Thursday, February 3, 2011


No food to update at this time, I just wanted to announce that I just submitted the recipe below to Food Network's secret ingredient challenge.  The secret ingredient was spaghetti and Wookkie thought it would be perfect.  No major prize for winning, just a gift card to Food Network's store but I am confident I can do some damage there.  Wish me luck!


Tuesday, December 14, 2010

I wish I had a better name for this recipe....

I’m a big fan of meals that use lots of bits and pieces from the fridge or freezer.  I feel that they require more creativity than a meal that requires a trip to the store and there is just something cathartic about creating  more empty space in your fridge.  Last week’s adventure began with me thinking that breakfast for dinner sounded like a good idea, we had a lot of eggs and a partial package of bacon begging to be used.  It kept gnawing at me though that there was a half can of pureed pumpkin and some already washed baby spinach.  So I remixed breakfast ingredients and here is what developed:

Pumpkin Carbonara
1 lb spaghetti
½ lb thick sliced bacon
2 large cloves garlic (3 if they’re small), chopped fine
1 ½ cups fresh spinach
1 tablespoon fresh thyme, chopped fine
3 eggs
¾ cup pureed pumpkin (or whatever is less when you have used 1 cup for one of the many recipes that calls for only 1 cup of pumpkin)
1 cup hard Italian cheese, shredded (I used grana padano and pecorino romano)
¼ teaspoon ground nutmeg
Salt and pepper to taste

Bring a large pot of water to boil for the pasta and heat a medium sized skillet of your choice.  Chop the bacon crosswise into ½ inch strips and cook on medium until crispy.  Remove the bacon from pan with a spatula and place on paper towels to drain grease.  Drain the bacon grease except for 1 tablespoon into a container for later use (I’ll put up my Individual Yorkshire Puddings recipe at some point, this uses the leftover).  You could probably use turkey bacon or another less fatty bacon for this recipe, you would just have to add a little oil to the pan.

Add the garlic to the pan and let cook on low to golden brown, add the spinach and cook for 2 minutes and then add thyme.  Hopefully by now the water is boiling and you can cook your pasta as directed, it is important for this recipe that the pasta is hot when the ingredients are mixed.  While the pasta and spinach cook, beat the eggs with the pumpkin.  If it looks too thick, you may want to add a splash of milk, use your judgment.  Blend the cheese and nutmeg with the egg mixture.

Drain the pasta, turn off the heat and return the pasta to pot.  Put bacon back in skillet and blend with the spinach.  Add the spinach/bacon mixture to the pasta and stir together (tongs worked really well for doing this).  Then add the egg/cheese/ pumpkin mixture, stirring constantly until the sauce thickens as the eggs cook.

Garnish with sprigs of thyme, extra cheese, and/or extra bacon.

Wookiee loved it, the pumpkin taste was really subtle and it had a great fall flavor, perfect comfort food!  We ate while watching the latest Iron Chef America (really low scoring battle) and I managed to pull a dessert out of the situation also.  In the spirit of the evening, my secret ingredient was PUMPKIN!  I re-heated some leftover pumpkin waffles I had made earlier in the week (a total of 1 and a half waffles) and served with hot maple syrup, whipped cream and a sprinkle of cinnamon.

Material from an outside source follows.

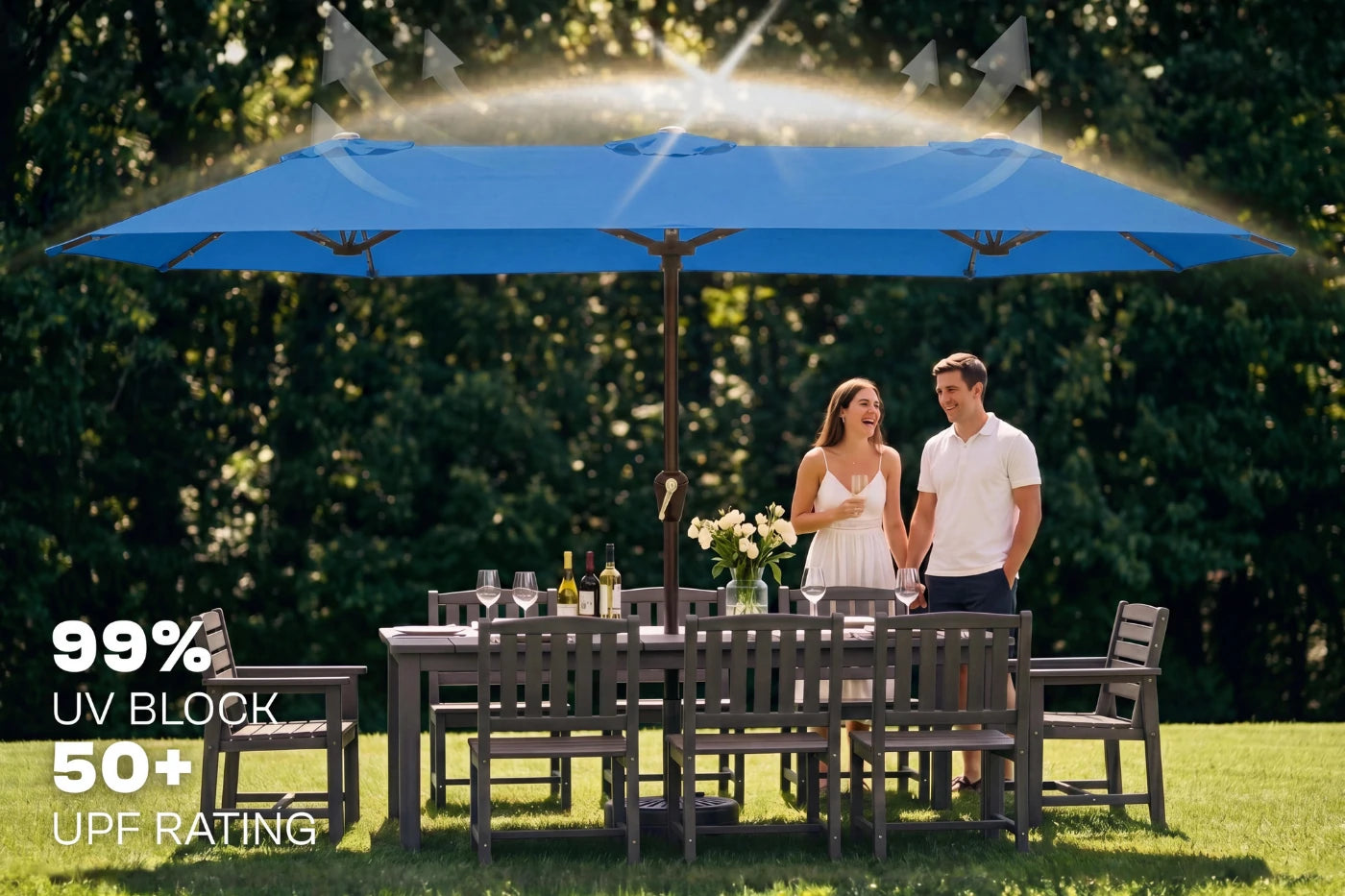 LED Double-Sided Patio Umbrella with Base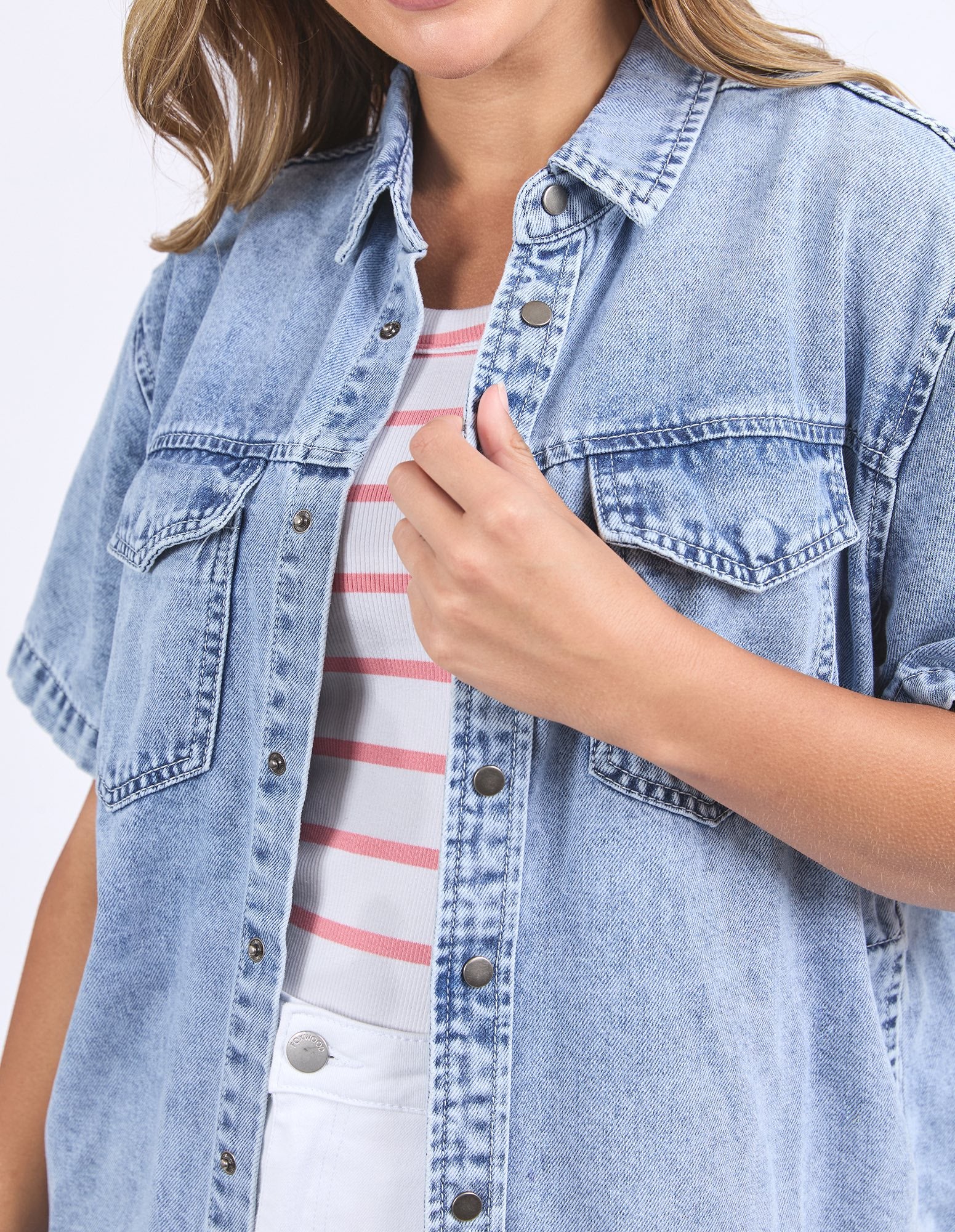 Foxwood - Daisy SS Shirt - Light Blue Denim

It was also great because I had been originally planning on using them for the breakfast dinner anyways!

In the words of the great Alton Brown: I bid you good eating.

Sunday, November 28, 2010

I am Iron Chef

Last Sunday was the season finale of “The Next Iron Chef”. Since competitive cooking is the Lady and my professional sport of choice, it has become common for us to DVR an episode, cook something a little more complicated than usual, then yell at the TV while we sit at the table and watch the show. Obviously, if you watched the show, you know that Chef Canora lost and that Chef Forgione won. I am very happy about this, as I actively disliked Canora. I would have preferred Chef Caswell to win, but we can't always get what we want.

While I was at work, I was considering dinner (as I often do) and a bit of inspiration struck. I wish that it translated well into reality, but we will come to that later. I remembered that we had a bunch of 85/15 ground buffalo in the fridge, and that buffalo burgers are ALWAYS a good choice. In the spirit of getting more creative with my food, I decided that sliders might be fun. Corn and edamame seemed like decent sides for this dish as well, so I mentally started prepping. Once I was home, I banished the Lady from the kitchen, poured a beer, and went to cooking.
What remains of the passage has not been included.